On the Infrastructurist blog, a debate broke out recently concerning the relative advantages of streetcars over buses. While the Infrastructurist’s
36 Reasons Streetcars Are Better Than Buses post merely summarized the remarks that had began to appear after a challenge first broke out in the comment section of Yonah Freemark’s
post (posted a month ago), some felicity-challenged folks immediately drew up lists contradicting every (or most) of the 36 arguments.* My goodness…LOL.
Anyway, this debate, amusing and unproductive as it is, has nevertheless induced me to delve into a bit of careful thinking about the urban design advantages of the streetcar. The obvious way to start thinking about this is, actually, to go back to the topic Yonah Freemark’s original post, and ask, “Why, indeed, is it the case that Portland, Oregon, has had such success with the streetcar?” To hunt for the answer, of course, one should consider walking around Downtown Portland first to get acquainted the streetcar route. On my recent visit a few weeks ago, it was obvious that the streetcar alone did not
in and of itself lead to the remarkable variety of street life and uses appearing on the route (shown here), but it certainly was evident that the streetcar was actively reinforcing them.

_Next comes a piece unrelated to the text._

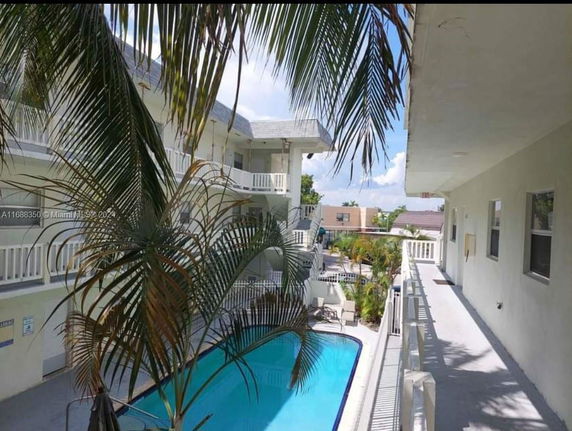 View of a swimming pool area with adjacent multi-story buildings.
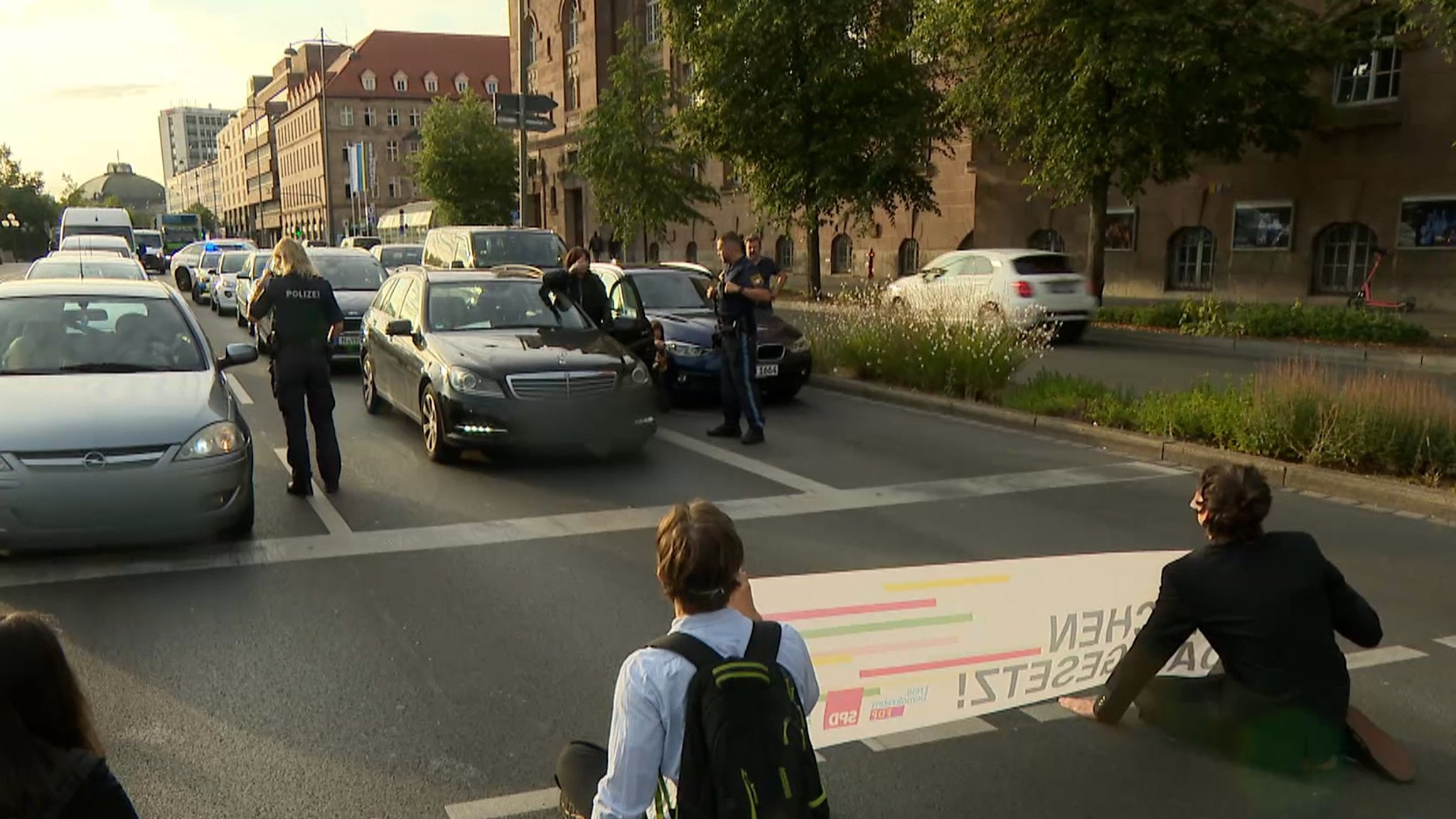 Menschen kleben auf de Straße, mit Polizei und wartenden Autofahrern.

Unlike bus routes, the streetcar route is a physical part of downtown Portland and has become a loved component of the urban fabric--an urban spine for agglomerated activity. Its physical permanence enables predictable, easily located, and frequent transport and thus fosters commercial activity. Besides its frequency, such transport benefits from the added advantages inherent to its information/messaging system, a kind which, btw, is never matched by inner-city bus transport or downtown circulator systems
in this country…Commuter convenience thoughtfulness is 9/10ths of the formula needed to replace the auto-dependence. (Note, I specify “inner city bus transport or downtown circulator” here because those are the only relevant bus route types to discuss in the streetcar vs. bus debate). The guideway, moreover, serves as an orienting and wayfinding device for citizens and helps them to both use and image their city, which has long-term social and economic benefits for the districts and neighborhoods along the route. Because the streetcar stops are frequent enough, it has been demonstrated that the entire corridor in Portland (and not just the stop areas) have been benefitting from development and value creation (see
this book for that and other helpful details).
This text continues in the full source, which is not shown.